I wrote this post last year on the tenth anniversary of 9/11. I think it's still appropriate.


A few months after September 11th when the horrors of that day had receded into ache and outrage, my son came up to me and said, “You know, Grandma and Grandpa had December 7th, and you and Mom had November 22nd, but until September 11th I hadn’t experienced a defining moment in time.”

It’s been ten years since 9/11 and I’m still thinking about his comment. He seemed to be saying that 9/11 was a generational event. “It’s an anchor in time,” my son said when questioned further. “I’ll always know where I was and what I was doing when the towers came down and those planes flew into the Pentagon and a Pennsylvania field.”

In that regard I understood what he meant. I wasn’t around at the time of the Pearl Harbor attack, but I was eleven when Kennedy was assassinated. Like most folks, I still remember where I was when I heard the news—fifth grade at Jefferson School, late afternoon just before the bell ended classes that day.
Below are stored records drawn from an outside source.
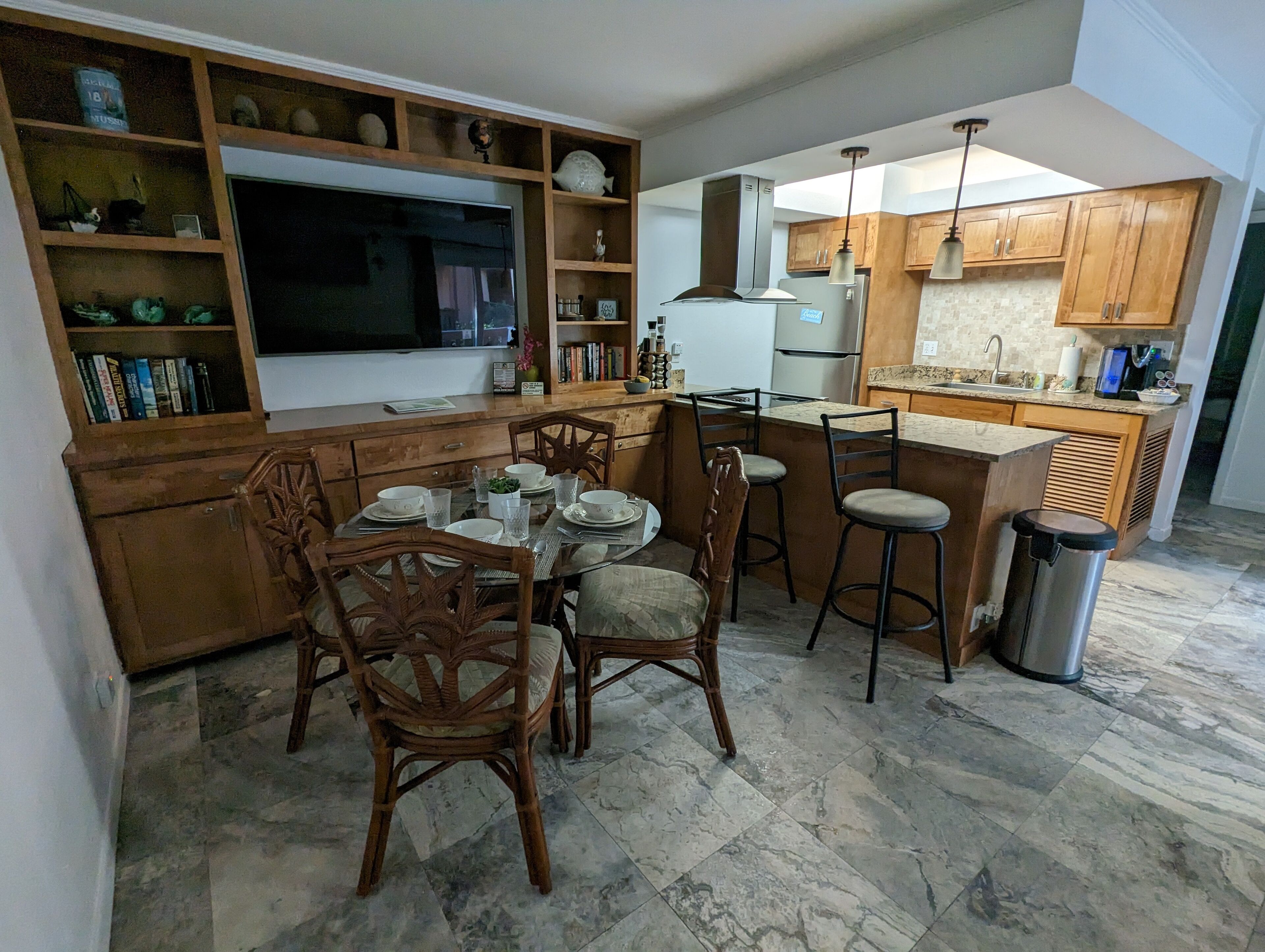A modern kitchen with wooden cabinets, a central island with stools, a built-in TV, and a dining area with chairs and a table set for four.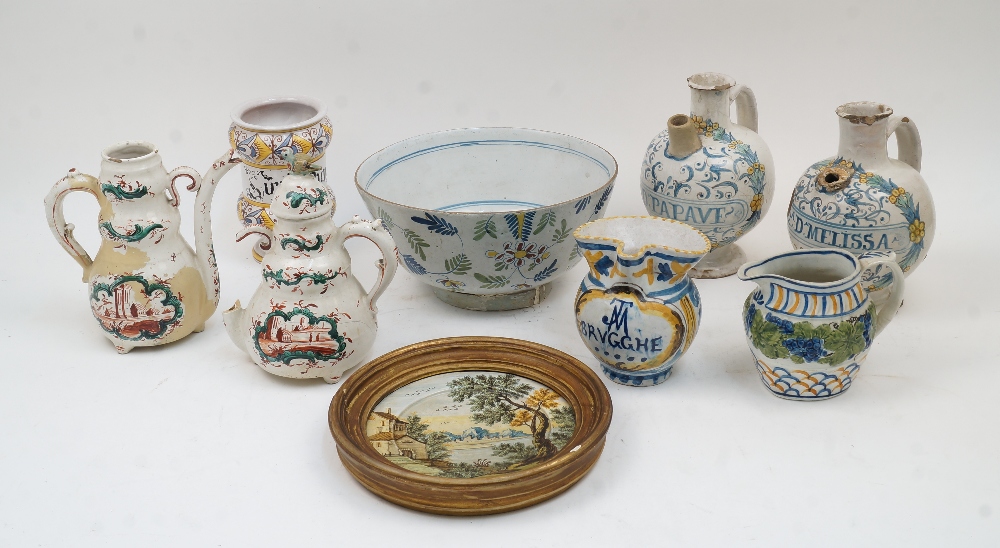 A group of Continental ceramics, to include: two Italian maiolica bulbous syrup jars, possibly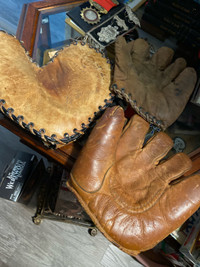 3 antique baseball gloves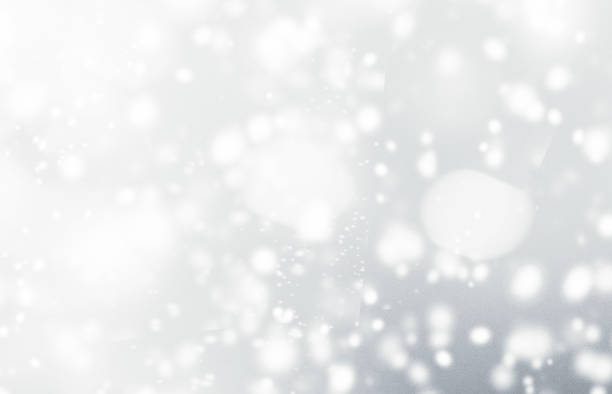 istock Silver  abstract bokeh background with snowflake and white glittering bokeh stars. A shiny holiday card. Glowing blurred lights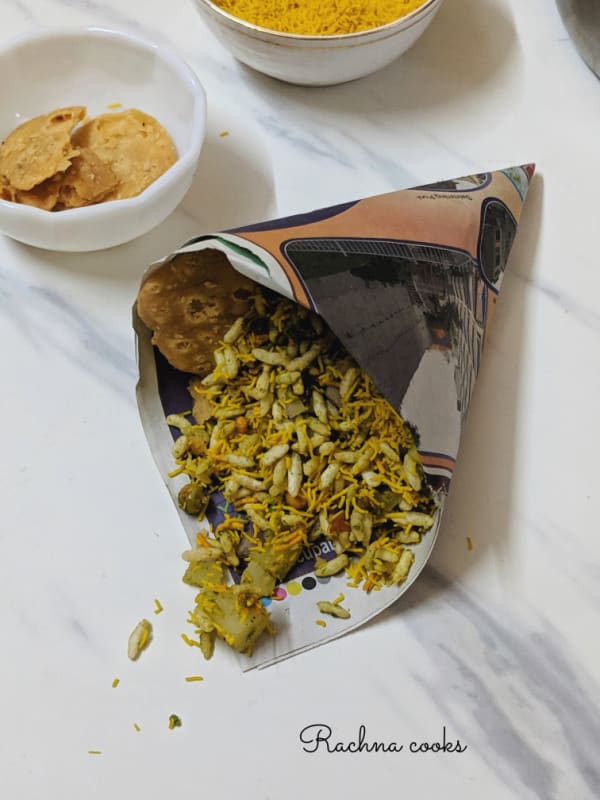 Indian street food bhel puri in a paper cone on a white background.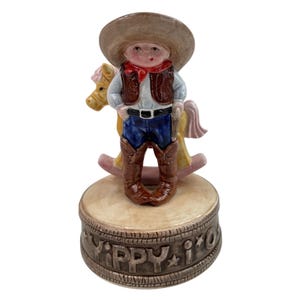 Puede incluir: Figura de vaquero de cerámica con sombrero beige, pañuelo rojo y chaleco marrón. La base está decorada con las palabras "YIPPY I O". Un caballito balancín amarillo está detrás del vaquero.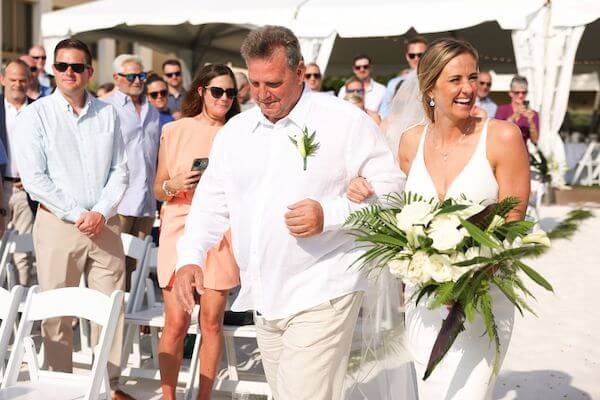 Excited bride walking down the aisle with her dad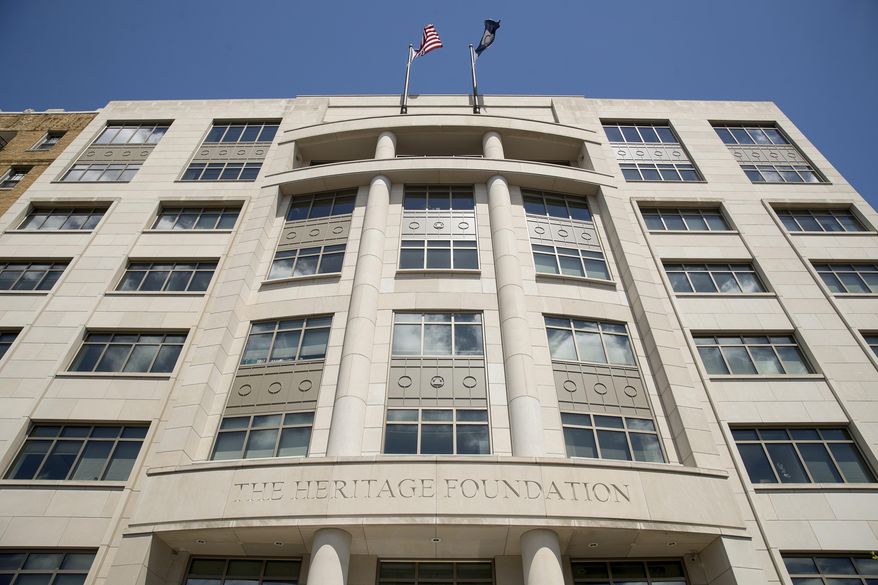 FILE - The Heritage Foundation building is seen on Aug. 5, 2017, in Washington. With more than a year to go before the 2024 election, a constellation of conservative organizations is preparing for a possible second White House term for Donald Trump, recruiting thousands of Americans to come to Washington on a mission to dismantle the federal government and replace it with a vision closer to his own. (AP Andrew Harnik, File)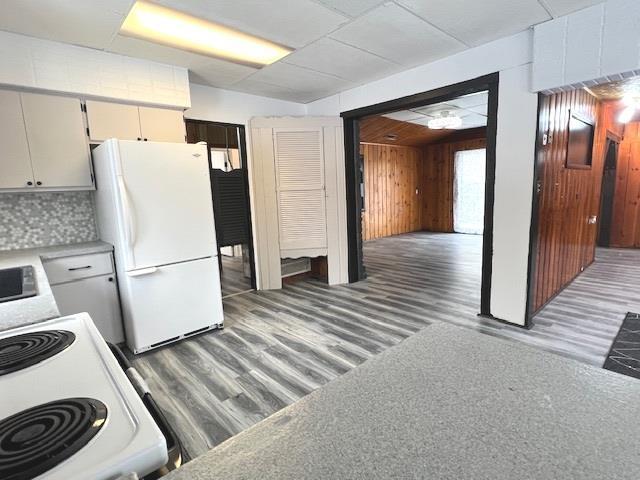 kitchen featuring white appliances, wood walls, and backsplash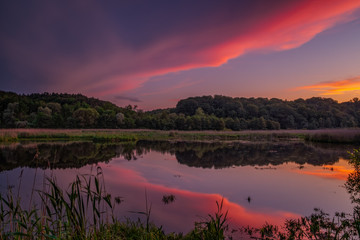 Fantastic beautiful sunset evening view on lake in Stradch, Lviv district. june 2020. Long exposure shot.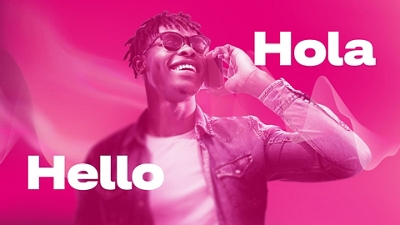 A man in a white t-shirt, denim jacket, and sunglasses smiles widely as he holds a phone to his ear. "Hello" y "Hola" aparecen alrededor de la persona.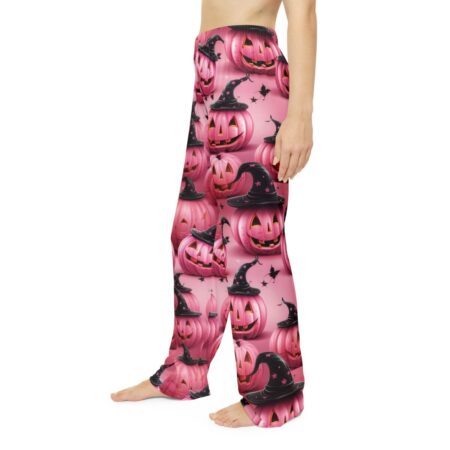 All over print pink pumpkin and witch hat seamless sublimation pajama pants, perfect for Halloween or spooky season. Wrap around graphic design.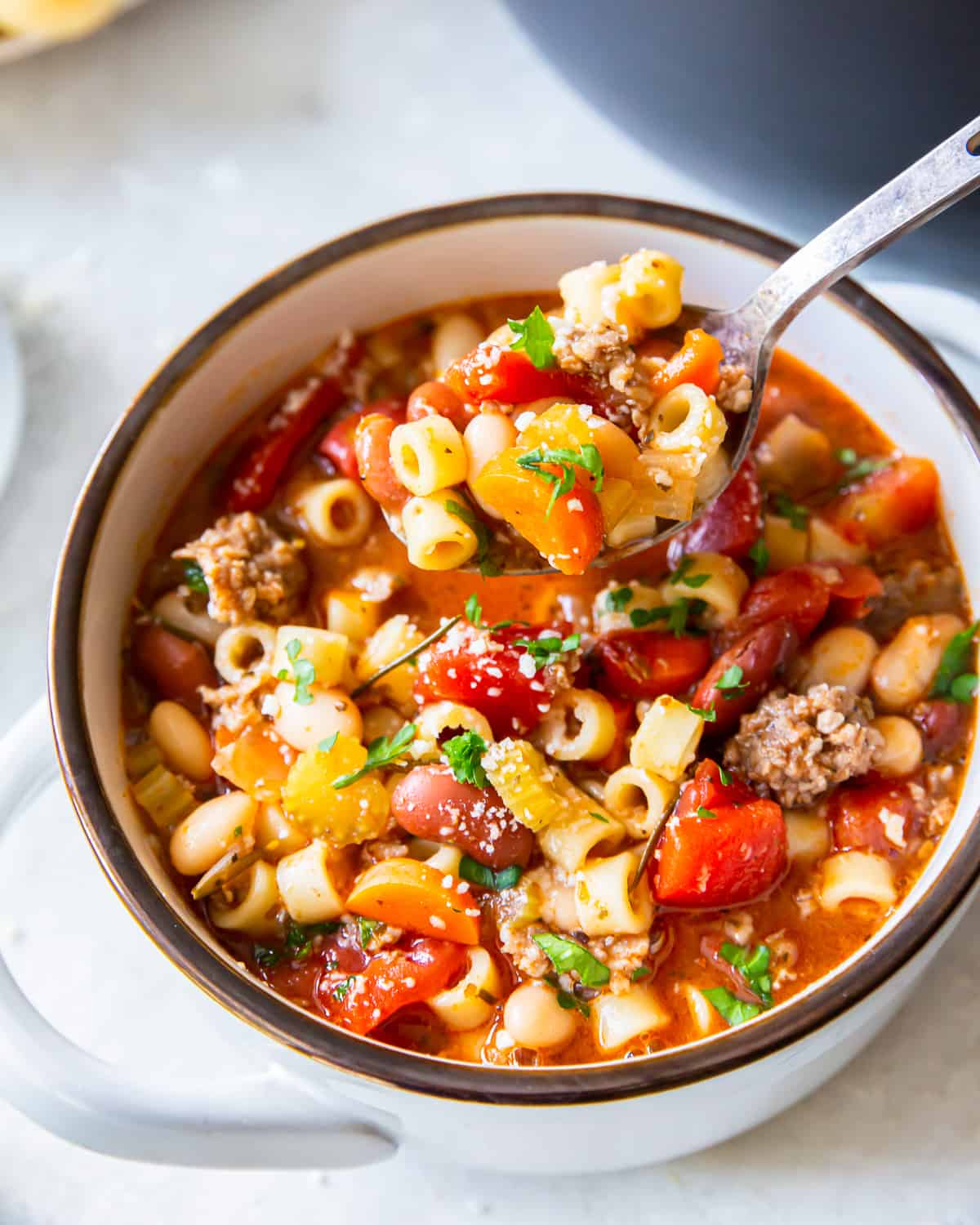 three-quarters view of a serving of pasta e fagioli soup in a white tureen with a spoon.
The announcement came over the intercom, and I was scribbling in my notebook and not paying attention until I heard our teacher sobbing and looked up to see her covering her face with her hands. I remember walking home from school thinking, What does it mean? I still wonder.


So when my son said September 11th left him with something I thought, What does he mean? The events of that day resulted in a bone-chilling tragedy of great complexity but for my son it represented something more. But was it generational? I felt traumatized by 9/11 as well, and I’m a generation removed from my son. Do we need tragedies to anchor us in time? Are we drifting on the wind like Forrest Gump’s feather until something bad grabs us and shakes us to our core, something so dreadful that it transcends time? Why can’t moments of happiness traumatize us for the better?


As I think about it, I realize that my son was right, but not in the way I thought. September 11th was a generational moment, not because it belonged to a single generation—young people like my son—but because it was a trans-generational moment shared by everyone with the capacity to feel pain and loss, revere heroism and respond to the suffering of the innocent. That dreadful day made us think about our loved ones in a different way. It blurred the differences between young and old, forced us to examine our lives and our actions and bound all of us into a powerful force for good—the 9/11 generation.


Tomorrow: Conclusion of Giant Killer


26 comments:

  1. Exactly. This is spot on. Excellent reminder of what we should be focusing on, but alas we often don't.

    Have a terrific day. :)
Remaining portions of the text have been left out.